[Supplied material]

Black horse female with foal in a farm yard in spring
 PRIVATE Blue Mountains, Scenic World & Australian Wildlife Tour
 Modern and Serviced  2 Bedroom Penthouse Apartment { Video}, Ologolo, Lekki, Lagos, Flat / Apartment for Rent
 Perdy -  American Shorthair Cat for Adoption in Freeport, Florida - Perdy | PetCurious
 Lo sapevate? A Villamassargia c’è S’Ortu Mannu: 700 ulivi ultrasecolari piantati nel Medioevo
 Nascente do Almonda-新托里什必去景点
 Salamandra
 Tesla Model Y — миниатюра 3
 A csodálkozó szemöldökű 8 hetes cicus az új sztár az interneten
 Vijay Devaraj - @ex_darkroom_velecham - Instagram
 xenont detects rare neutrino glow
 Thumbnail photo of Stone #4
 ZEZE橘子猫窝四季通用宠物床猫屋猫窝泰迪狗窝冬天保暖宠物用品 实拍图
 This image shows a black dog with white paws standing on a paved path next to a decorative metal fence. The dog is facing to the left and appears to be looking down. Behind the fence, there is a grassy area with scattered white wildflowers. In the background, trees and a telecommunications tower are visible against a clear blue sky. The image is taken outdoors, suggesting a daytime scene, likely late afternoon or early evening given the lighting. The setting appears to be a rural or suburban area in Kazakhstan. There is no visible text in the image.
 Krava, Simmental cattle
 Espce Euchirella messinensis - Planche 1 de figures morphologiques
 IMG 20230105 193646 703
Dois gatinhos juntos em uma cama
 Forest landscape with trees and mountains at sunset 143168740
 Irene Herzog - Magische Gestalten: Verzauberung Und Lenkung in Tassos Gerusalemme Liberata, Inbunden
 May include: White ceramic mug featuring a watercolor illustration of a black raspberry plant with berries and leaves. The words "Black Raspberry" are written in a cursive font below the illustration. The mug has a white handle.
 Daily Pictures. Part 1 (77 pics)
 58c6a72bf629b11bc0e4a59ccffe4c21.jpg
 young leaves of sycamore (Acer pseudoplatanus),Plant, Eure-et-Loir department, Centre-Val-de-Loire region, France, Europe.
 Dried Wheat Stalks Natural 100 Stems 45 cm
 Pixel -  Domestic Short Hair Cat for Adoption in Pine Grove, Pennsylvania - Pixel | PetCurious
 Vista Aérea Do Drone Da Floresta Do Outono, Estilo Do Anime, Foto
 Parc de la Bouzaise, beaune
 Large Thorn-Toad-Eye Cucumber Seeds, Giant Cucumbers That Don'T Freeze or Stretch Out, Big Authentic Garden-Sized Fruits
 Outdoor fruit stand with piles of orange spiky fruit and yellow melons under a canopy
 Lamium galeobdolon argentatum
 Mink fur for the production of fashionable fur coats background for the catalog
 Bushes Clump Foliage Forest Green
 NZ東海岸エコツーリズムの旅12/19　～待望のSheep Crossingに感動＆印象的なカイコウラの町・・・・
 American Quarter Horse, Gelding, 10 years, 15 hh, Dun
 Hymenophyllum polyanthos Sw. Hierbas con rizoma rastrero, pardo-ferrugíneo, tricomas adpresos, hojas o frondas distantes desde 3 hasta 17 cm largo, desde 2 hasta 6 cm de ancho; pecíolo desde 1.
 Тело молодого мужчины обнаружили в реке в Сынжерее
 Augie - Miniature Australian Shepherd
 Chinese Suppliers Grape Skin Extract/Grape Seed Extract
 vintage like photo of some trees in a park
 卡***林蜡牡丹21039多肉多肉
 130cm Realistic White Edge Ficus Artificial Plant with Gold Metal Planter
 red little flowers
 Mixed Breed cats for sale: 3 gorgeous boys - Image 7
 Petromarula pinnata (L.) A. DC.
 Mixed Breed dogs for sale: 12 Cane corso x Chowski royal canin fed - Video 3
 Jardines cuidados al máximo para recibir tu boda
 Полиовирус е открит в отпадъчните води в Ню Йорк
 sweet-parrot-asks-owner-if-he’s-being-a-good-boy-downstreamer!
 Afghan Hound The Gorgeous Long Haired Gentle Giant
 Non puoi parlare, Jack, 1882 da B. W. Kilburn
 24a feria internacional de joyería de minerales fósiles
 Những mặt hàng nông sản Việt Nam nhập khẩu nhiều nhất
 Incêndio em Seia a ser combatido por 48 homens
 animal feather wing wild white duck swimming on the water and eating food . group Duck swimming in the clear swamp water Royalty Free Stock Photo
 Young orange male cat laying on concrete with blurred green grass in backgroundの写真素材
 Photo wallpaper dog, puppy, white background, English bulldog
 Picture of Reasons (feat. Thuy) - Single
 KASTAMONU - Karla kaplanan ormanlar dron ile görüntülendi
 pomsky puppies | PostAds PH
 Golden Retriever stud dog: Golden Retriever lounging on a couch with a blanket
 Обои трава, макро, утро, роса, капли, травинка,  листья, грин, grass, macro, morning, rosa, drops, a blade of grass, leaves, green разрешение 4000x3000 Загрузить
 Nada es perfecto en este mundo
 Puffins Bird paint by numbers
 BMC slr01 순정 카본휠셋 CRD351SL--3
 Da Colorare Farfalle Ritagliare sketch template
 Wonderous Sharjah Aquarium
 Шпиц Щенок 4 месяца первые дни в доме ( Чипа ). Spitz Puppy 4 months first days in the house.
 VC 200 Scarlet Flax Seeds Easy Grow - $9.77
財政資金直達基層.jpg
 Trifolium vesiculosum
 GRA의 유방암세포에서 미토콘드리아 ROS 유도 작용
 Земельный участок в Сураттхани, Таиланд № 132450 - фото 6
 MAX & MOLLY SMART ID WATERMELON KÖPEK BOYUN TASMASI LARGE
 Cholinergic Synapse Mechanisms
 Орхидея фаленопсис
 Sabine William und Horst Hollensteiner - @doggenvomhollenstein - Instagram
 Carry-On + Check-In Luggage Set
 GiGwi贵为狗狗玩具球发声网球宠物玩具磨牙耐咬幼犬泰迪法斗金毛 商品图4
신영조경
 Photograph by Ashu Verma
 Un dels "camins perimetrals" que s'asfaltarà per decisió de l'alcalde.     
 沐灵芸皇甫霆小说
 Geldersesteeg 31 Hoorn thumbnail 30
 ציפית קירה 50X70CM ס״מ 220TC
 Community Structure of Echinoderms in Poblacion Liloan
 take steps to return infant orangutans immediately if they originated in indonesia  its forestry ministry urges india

[/Supplied material]

In the listing, find every line with the word "trees" and return it.

 This image shows a black dog with white paws standing on a paved path next to a decorative metal fence. The dog is facing to the left and appears to be looking down. Behind the fence, there is a grassy area with scattered white wildflowers. In the background, trees and a telecommunications tower are visible against a clear blue sky. The image is taken outdoors, suggesting a daytime scene, likely late afternoon or early evening given the lighting. The setting appears to be a rural or suburban area in Kazakhstan. There is no visible text in the image.
 Forest landscape with trees and mountains at sunset 143168740
 vintage like photo of some trees in a park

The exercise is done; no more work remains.